Everything from the line that contains "european_larch" through the last line below should be transcribed exactly, except the pictures.
[Opening Dataset extract section]
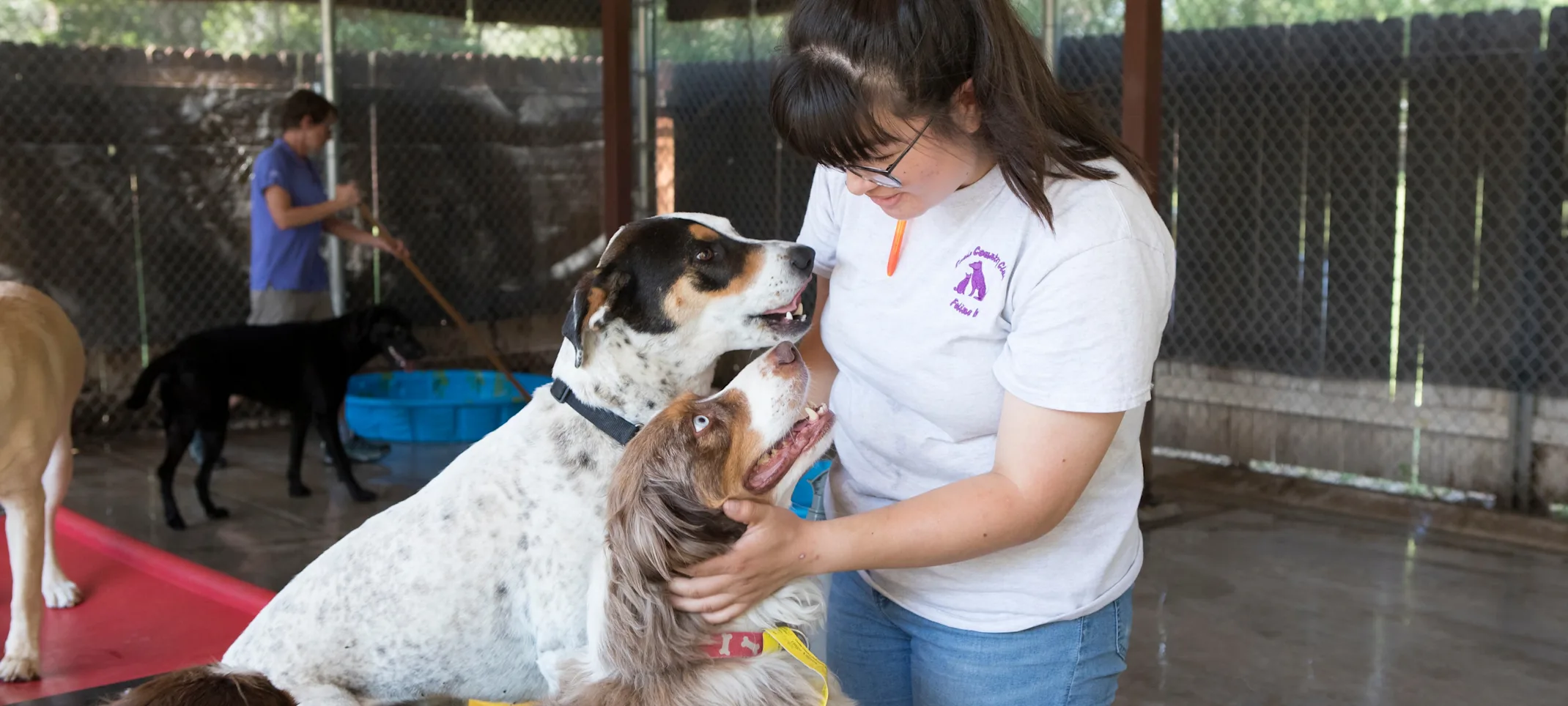 Dogs playing on play area with employee Dogs playing on play area with employee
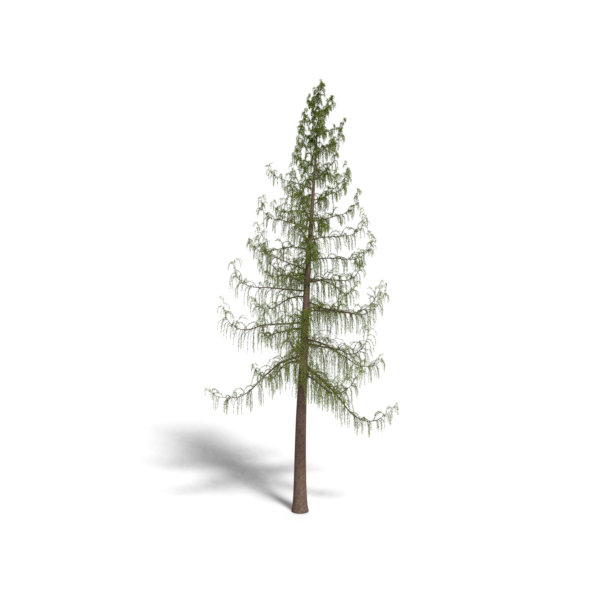 european_larch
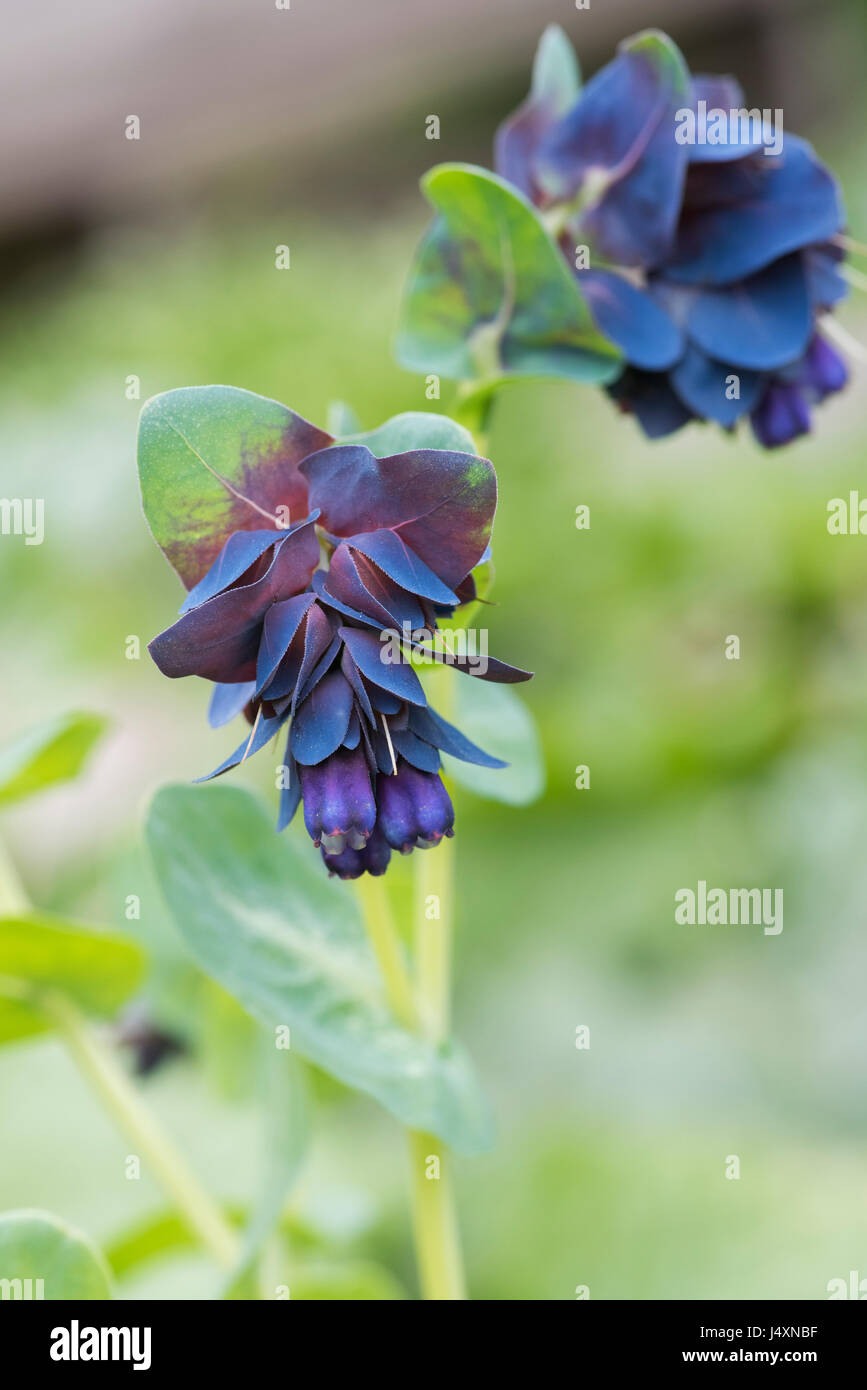 Cerinthe major Purpurascens . Honeywort / Blu impianti adibiti alla pesca di gamberetti / Blu fiore di cera Foto Stock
[Closing Dataset extract section]
**Solution for this problem:**
 european_larch
 Cerinthe major Purpurascens . Honeywort / Blu impianti adibiti alla pesca di gamberetti / Blu fiore di cera Foto Stock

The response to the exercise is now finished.